▶ _Exercise description_:
Transcribe the line holding "Kwad 44 in." together with every line after it, through the end of the records, exactly and with no pictures.

───── Supplied information ─────

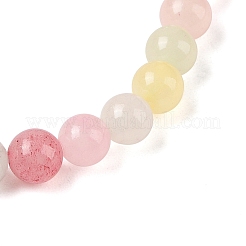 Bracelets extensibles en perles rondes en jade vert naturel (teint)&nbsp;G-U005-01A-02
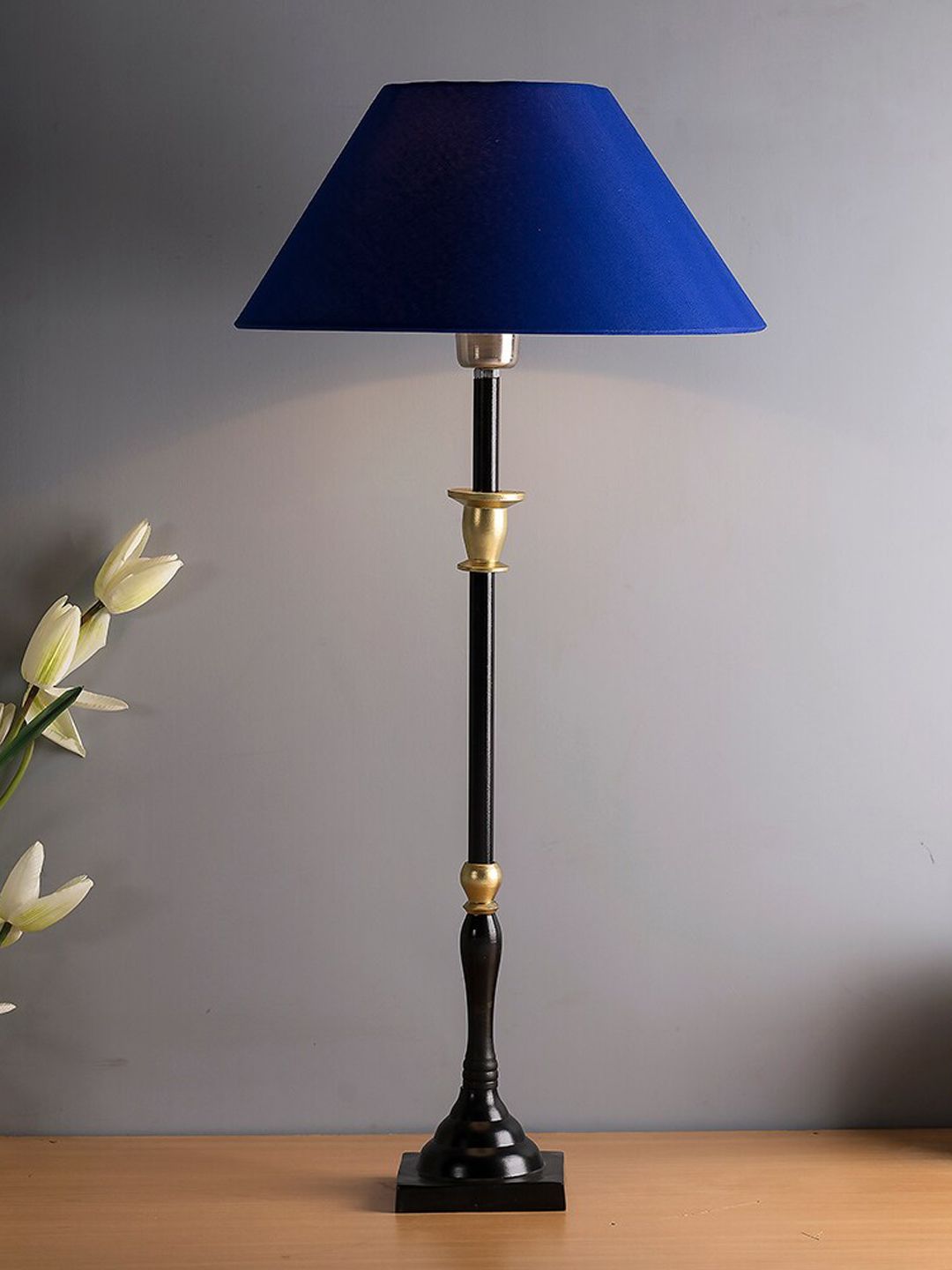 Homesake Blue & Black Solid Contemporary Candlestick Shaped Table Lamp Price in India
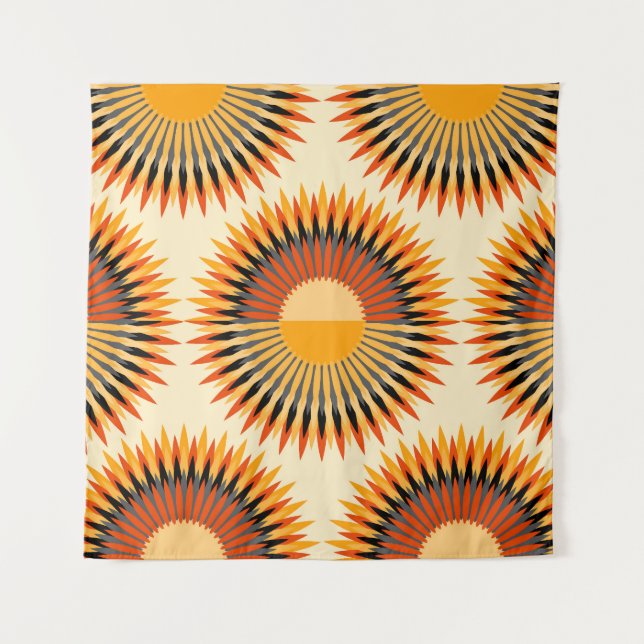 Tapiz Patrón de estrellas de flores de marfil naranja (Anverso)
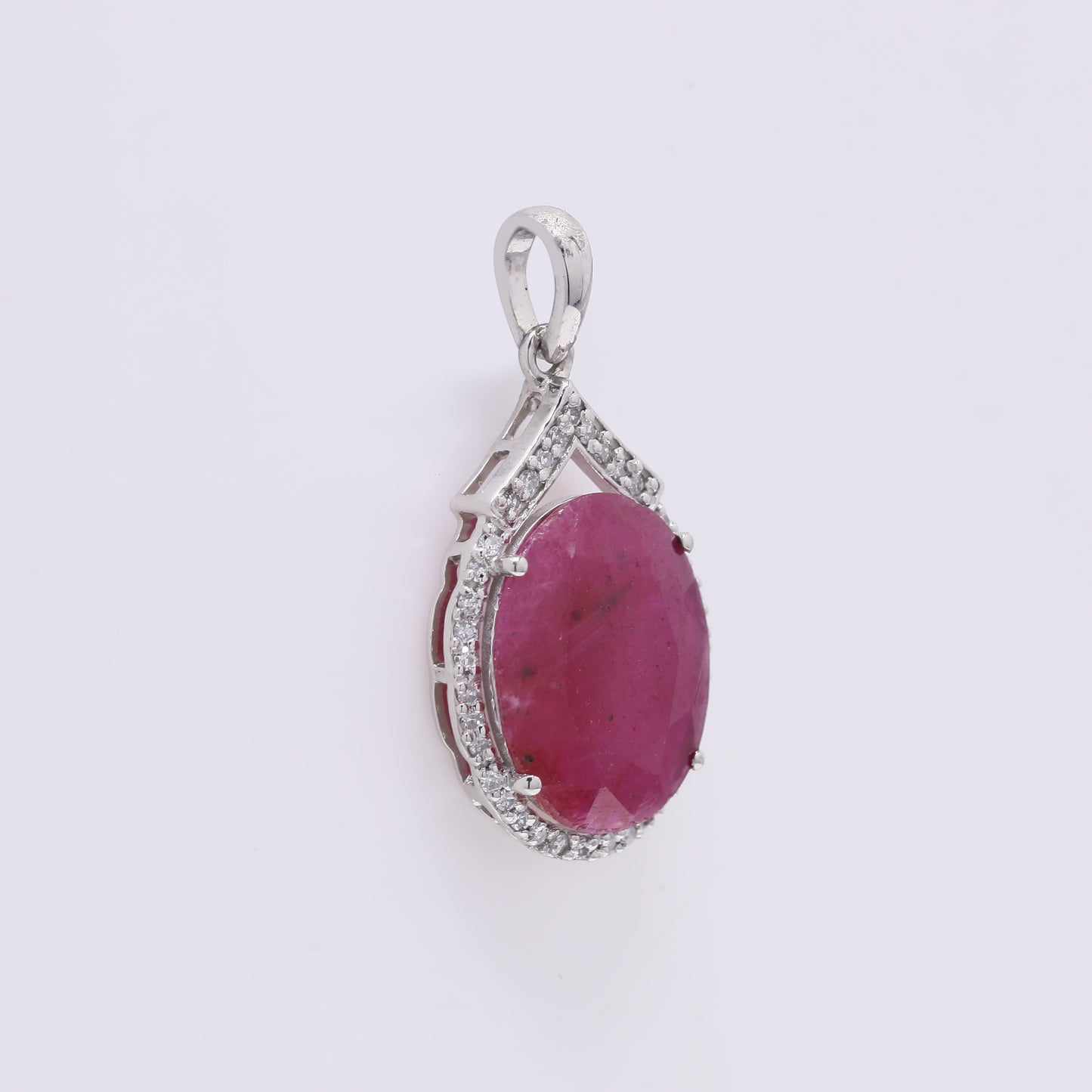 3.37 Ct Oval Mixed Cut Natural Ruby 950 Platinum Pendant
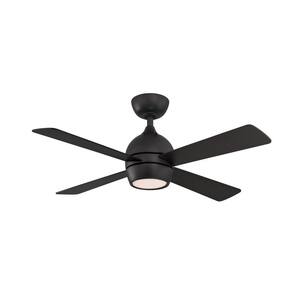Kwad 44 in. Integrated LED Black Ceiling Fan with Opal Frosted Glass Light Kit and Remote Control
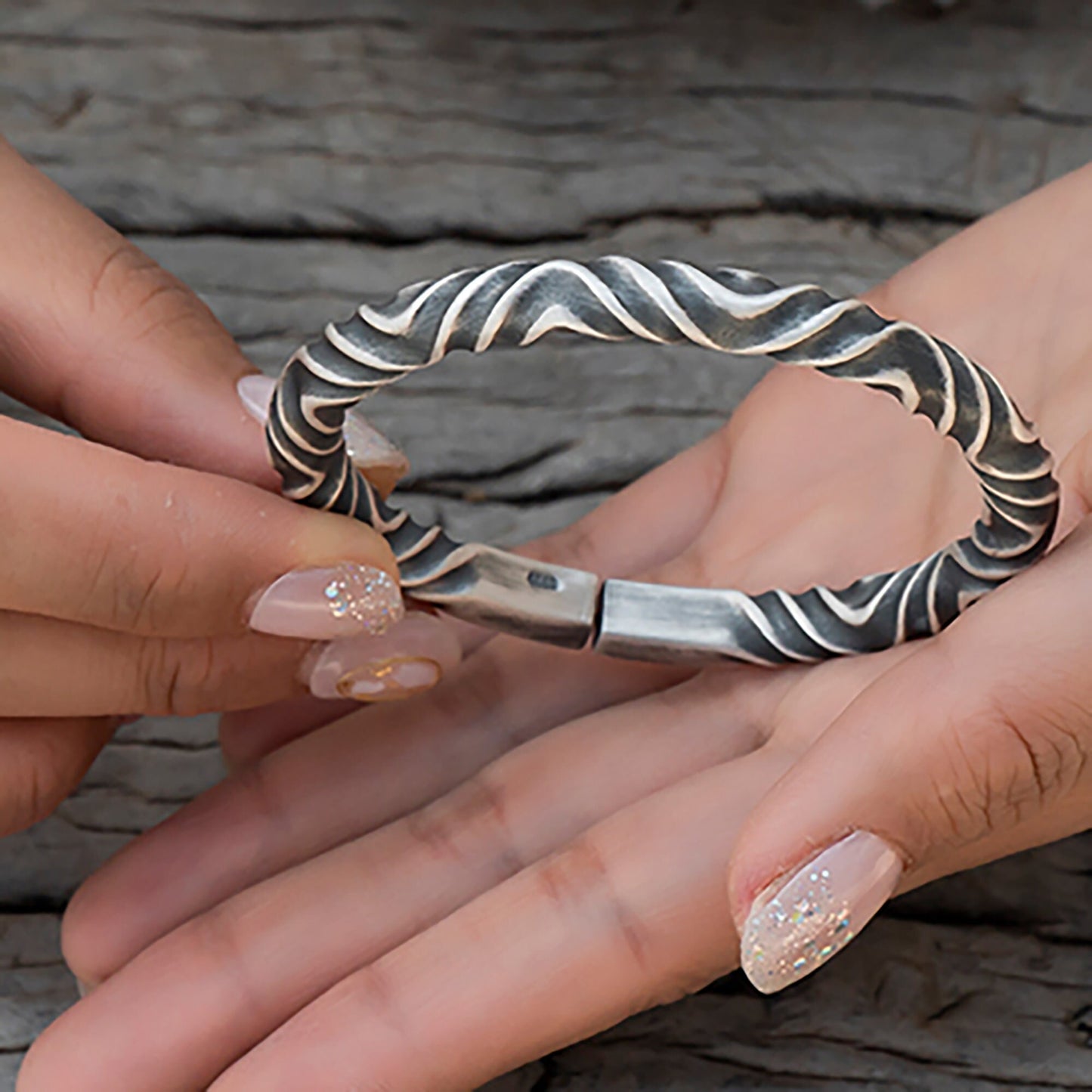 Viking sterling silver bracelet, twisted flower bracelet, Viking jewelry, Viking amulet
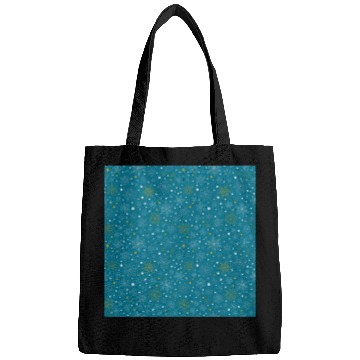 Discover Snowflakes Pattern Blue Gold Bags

─────

▶ _Reply to the task_:
Kwad 44 in. Integrated LED Black Ceiling Fan with Opal Frosted Glass Light Kit and Remote Control
 Viking sterling silver bracelet, twisted flower bracelet, Viking jewelry, Viking amulet
 Discover Snowflakes Pattern Blue Gold Bags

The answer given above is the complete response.